Data originate from a study on norovirus infection (https://www.ncbi.nlm.nih.gov/sra/?term=PRJEB10074)
Black 6 Mice +/- Atg5 (5 knockouts and 9 controls) - Macrophage cells
Sequencing – Ilumina HiSeq
- Single-end
- 50 bp reads
STAR
Tophat (Tuxedo suite)
HISAT
For this case study, we will use STAR
start AWS instance in terminal (or putty)
Project Directory - /home/genomics/workshop_materials/Transcriptomics
You will notice many other subdirectories in the Project directory
- Our raw sample fastq files are located in the Data directory
- Mapping results will output to STAR_Mapping
- Our Mouse genome (fasta and gtf) is located at MouseGenome_GRCm38
- Genome index is located at GenomeIndex2
- Counting results will go to HTSeq
- Differential Expression results will go to the DESeq2 directory
- You should make a directory, Figures, to place our pretty plots in later
Now lets Go to the Data directory
Type the following commands to download the correct raw data files.
$ wget https://www.dropbox.com/s/xe5zszwq849ym6h/Data.tar.gz
$ tar -zxvf Data.tar.gz
This will overwrite your Data folder. If you look in this Data directory, you will see the correct raw read files. You will also notice a file called mm_ref_GRCm38.p2_chr1.fa . This is the fasta file required for running IGV after mapping. Move this file to MouseGenome_GRCm38
Let’s recall some useful unix commands from earlier in the week. List the files in this directory. Now, Take a look at a few lines of “AACGCATT.fq”. How many reads are there in this file?
Now let’s move up one directory back to our main project directory, Transcriptomics.
OPTIONS (more options available in the STAR manual)
--runThreadN NumberOfThreads
--genomeDir /path/to/genomeDir
--readFilesIn /path/to/read1 [/path/to/read2]
--readFilesCommand (uncompression command)*
--outFileNamePrefix
--outFilterMismatchNmax N (recommended 0.06*readLength)
--outSamtype (sorted or unsorted)
$ STAR --runThreadN 2 --outBAMsortingThreadN 2 \
--genomeDir <GENOME_INDEX_DIRECTORY> \
--readFilesIn <READS_DIR><file> \
--outFileNamePrefix <OUTPUT_DIR><prefix>. \
--outFilterMismatchNmax 3 \
--outReadsUnmapped Fastx \
--outSAMtype BAM SortedByCoordinate
Now run the STAR command with “AACGCATT.fq” as the input file and output it to the STAR_Mapping directory. ####Note: For each exercise, “prefix” will be replaced with “AACGCATT”
Once the command has completed Take a look at the files inside STAR_Mapping generated by STAR to make sure all files have been generated. You should have files with the same extensions as in the image below.

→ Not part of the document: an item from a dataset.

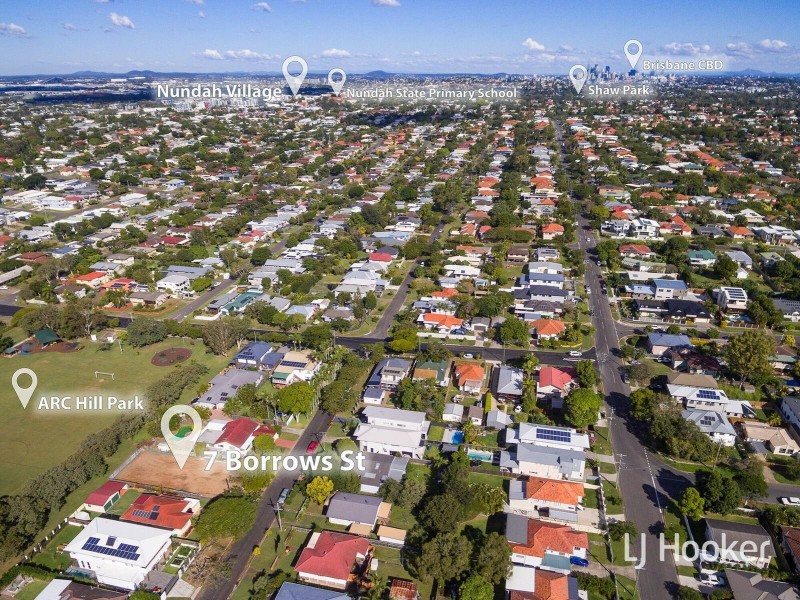 7 Borrows Street, Virginia QLD 4014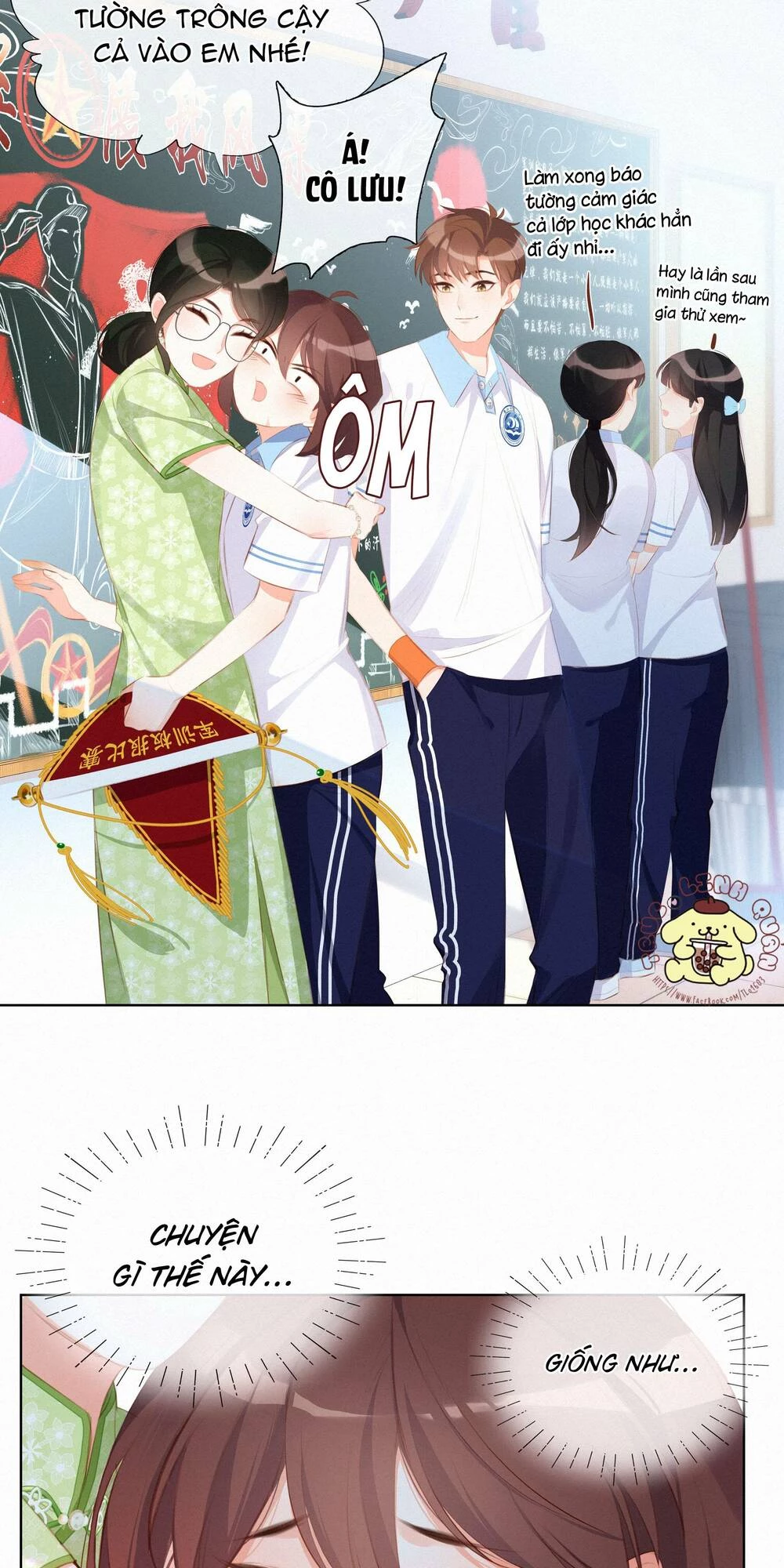 Gửi Em, Người Đặc Biệt Chapter 8 - 24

We can use the following command to print the contents of the Log file to your screen to get some general mapping information
$ cat AACGCATT.Log.final.out
You will notice that the number of input reads is listed in this file. Was your answer about the number of reads correct?
return to Transcriptomics.
For convenience, lets copy the bam file generated by STAR into the BAMS directory.
Before we execute the counting command, we need to convert the bam files into sam format.
Move into the BAMS directory if you aren’t there already.
Run the below command to convert the bam file into sam format
$ samtools view -h <prefix>.bam > <prefix>.sam
Now that we have the alignment file in sam output, use one of your unix commands to take a looks at some of the lines in this file.
HTSeq
Cufflinks (Tuxedo Suite)
Salmon (alignment free read quantification)
OPTIONS
-s <yes/no/reverse> (strand specific assay)
-t <feature type>
Below is the HTSeq command for single sam file. Let’s execute it on our same file and save it to the HTSeq Directory
$ htseq-count -s yes -t exon <prefix>.sam /home/genomics/workshop_materials/Transcriptomics/MouseGenome_GRCm38/gencode.vM6.annotation.gtf > <OutputDirectory/prefix>.txt
When performing an RNASeq study, we have multiple samples and multiple output files. We don’t want to perform these commands one by one, so we can use some unix tools to automate these repetitive tasks. This is beyond the scope of this workshop, but I recommend you take a look at the links below at some point, so you can learn how to write some basic scripts execute a command like STAR iteratively over multiple files
for-do-loop - iterate over multiple files
using variables
grep
“|” - redirect output of a command to another command
Below is an example of how we use for-do-loops to execute the HTSeq command across multiple files. Try not to let yourself be overwhelmed with the syntax. Slowly, over time, you will become equipped with all the tools to write scripts similary to automate tasks.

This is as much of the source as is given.